O ponto não é tentar reviver o que era antes, mas construir uma nova rotina de prazer, com o corpo e o contexto de agora. Quando há saúde física e emocional, o sexo continua fazendo parte da vida — ainda que com menos frequência ou com um repertório mais enxuto.

A queda do estrogênio reduz a lubrificação natural da vagina, e o ressecamento pode atrapalhar bastante. Nesse caso, existem alternativas: além da reposição hormonal (tópica ou sistêmica), é possível usar hidratantes e lubrificantes vaginais. O ideal é conversar com o ginecologista para entender o melhor caminho.

Além disso, manter hábitos saudáveis faz diferença: exercícios físicos regulares, sono de qualidade, alimentação equilibrada, menos álcool, nada de drogas. Fisioterapia do assoalho pélvico também pode ajudar. E vale lembrar que certos medicamentos, como antidepressivos ou anti-hipertensivos, podem interferir na libido. Se for o caso, dá para discutir ajustes com o médico.

Outro ponto importante: não dá para ignorar que o parceiro ou a parceira também pode estar passando por transformações, como queda de desejo ou disfunção erétil. A vida sexual nessa fase é uma construção conjunta. Cuidar da saúde sexual é, muitas vezes, uma tarefa a dois.

Hoje em dia vemos pessoas usando testosterona e os tais “chips hormonais” como se fossem solução para tudo, desde libido até melhora na disposição e na aparência. E tem até médico chamando isso de “reposição hormonal”. Esse cenário preocupa?

Preocupa e muito. Precisamos separar bem as coisas. Quando falamos de testosterona para mulher, existe uma única indicação aprovada pela Anvisa, pelos principais guidelines internacionais e também pela Febrasgo, que é a Federação Brasileira de Ginecologia e Obstetrícia: mulheres na menopausa ou pós-menopausa que têm queda no desejo sexual comprovada e que não melhora com outras abordagens.

Fora isso, não tem indicação. Não é para todo mundo, nem é tratamento universal para “melhorar libido” ou “ganhar disposição”. E, mesmo nesse caso em que pode ser usada, tem de passar por uma avaliação cuidadosa. O médico precisa investigar se a testosterona não vai trazer riscos, como piorar alguma condição pré-existente ou aumentar a chance de doenças, inclusive câncer. Então, não é só querer usar e pronto.

E tem outro ponto importante: às vezes o problema nem é hormonal.
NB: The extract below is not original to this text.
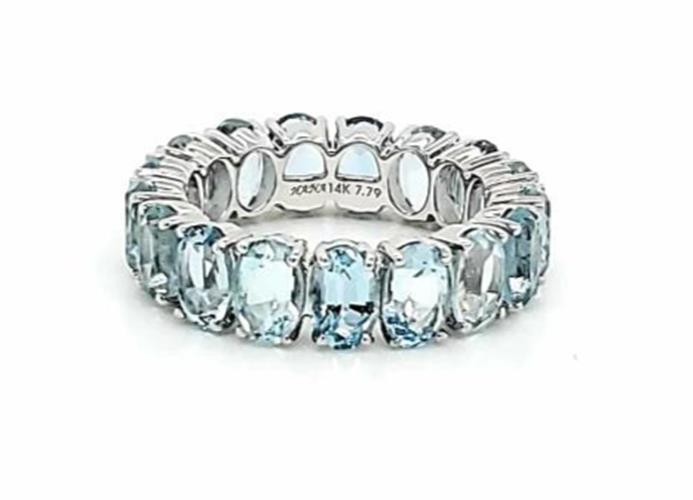 LARGE 7.97CT DIAMOND & AQUAMARINE 18KT WHITE GOLD OVAL ETERNITY ANNIVERSARY RING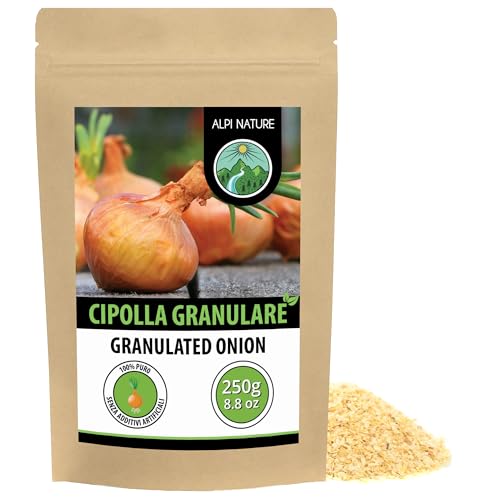 Alpi Nature Granuli di Cipolla 250g, Cipolle Essiccate Granulate, Condimento di Cipolla Tritata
Tem mulher que acha que perdeu o desejo, mas, na real, está num relacionamento que já não faz mais sentido. Não é que ela não quer transar — ela não quer transar com aquela pessoa. Isso é diferente de uma disfunção sexual.

Além disso, se a mulher for precisar da testosterona, o que raramente acontece, ela precisa estar com os níveis de estrogênio equilibrados também, senão ela fica só com hormônio masculino circulando, o que é totalmente fora do que o corpo dela precisa.

A medicina está preparada para lidar com mulheres que desejam manter o desejo sexual aceso, especialmente aquelas que estão na menopausa ou passaram por ela?

A medicina avançou muito em questões de menopausa. Mas temos de entender que temos muito pouco tempo de mulheres na menopausa. As mulheres morriam antes. O que a medicina sabe sobre menopausa vem de mulheres que começaram a viver além dos 50 anos, e isso é recente, de algumas décadas para cá.

Então, a medicina precisa agora, cada vez mais, se aprofundar no estudo dessas mulheres que vivem 60, 70, 80, até 100 anos. Não sei se o melhor termo seria esse, mas elas são, de certa forma, sobreviventes. Sobreviventes porque antes elas nem existiam. Até 1900, a mulher não vivia além dos 50 anos.

Não conhecíamos esse grupo tão bonito de mulheres que continuam ativas, interessadas na vida — e que ainda vivem mais que os homens. Hoje, a mulher vive em média sete anos a mais. E, se vamos viver mais, por que não viver com qualidade? O desejo sexual, claro, entra nessa conta.